Nine years ago the writer had occasion to make a hasty will. Since one of the provisions of this document appointed Conrad the writer’s literary executor we fell to discussing the question of literary biographies in general and our own in particular. We hit, as we generally did, very quickly upon a formula, both having a very great aversion from the usual official biography for men of letters whose lives are generally uneventful. But we agreed that should a writer’s life have interests beyond the mere writing upon which he had employed himself this life might well be the subject of a monograph. It should then be written by an artist and be a work of art. To write: “Joseph Conrad Kurzeniowski was born on such a day of such a year in the town of ‘So and So’ in the Government of Kieff” and so to continue would not conduce to such a rendering as this great man desired. So, here, to the measure of the ability vouchsafed, you have a projection of Joseph Conrad as, little by little, he revealed himself to a human being during many years of close intimacy. It is so that, by degrees, Lord Jim appeared to Marlowe, or that every human soul by degrees appears to every other human soul. For, according to our view of the thing, a novel should be the biography of a man or of an affair, and a biography whether of a man or ofan affair should be a novel, both being, if they are efficiently performed, renderings of such affairs as are our human lives.

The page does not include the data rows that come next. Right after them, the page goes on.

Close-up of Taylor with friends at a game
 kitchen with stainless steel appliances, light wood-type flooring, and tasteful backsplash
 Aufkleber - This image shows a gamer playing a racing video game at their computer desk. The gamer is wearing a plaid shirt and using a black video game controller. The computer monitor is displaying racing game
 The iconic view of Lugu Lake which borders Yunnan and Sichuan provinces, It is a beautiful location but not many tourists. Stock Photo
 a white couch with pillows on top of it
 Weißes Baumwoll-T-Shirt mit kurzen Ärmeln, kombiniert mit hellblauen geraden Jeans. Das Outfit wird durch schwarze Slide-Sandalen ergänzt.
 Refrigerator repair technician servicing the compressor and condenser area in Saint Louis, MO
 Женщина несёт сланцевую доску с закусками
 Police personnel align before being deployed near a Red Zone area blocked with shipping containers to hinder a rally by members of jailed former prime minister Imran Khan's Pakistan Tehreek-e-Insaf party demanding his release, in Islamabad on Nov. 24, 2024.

This then is a novel, not a monograph; a portrait, not a narration: for what it shall prove to be worth, a work of art, not a compilation. It is conducted exactly along the lines laid down by us, both for the novel which is biography and for the biography which is a novel. It is the rendering of an affair intended first of all to make you see the subject in his scenery. It contains no documentation at all; for it no dates have been looked up, even all the quotations but two have been left unverified, coming from the writer’s memory. It is the writer’s impression of a writer who avowed himself impressionist. Where the writer’s memory has proved to be at fault over a detail afterwards out of curiosity looked up, the writer has allowed the fault to remain on the page; but as to the truth of the impression as a whole the writer believes that no man would care—or dare—to impugn it. It was that that Joseph Conrad asked for: the task has been accomplished with the most pious scrupulosity. For something human was to him dearer than the wealth of the Indies.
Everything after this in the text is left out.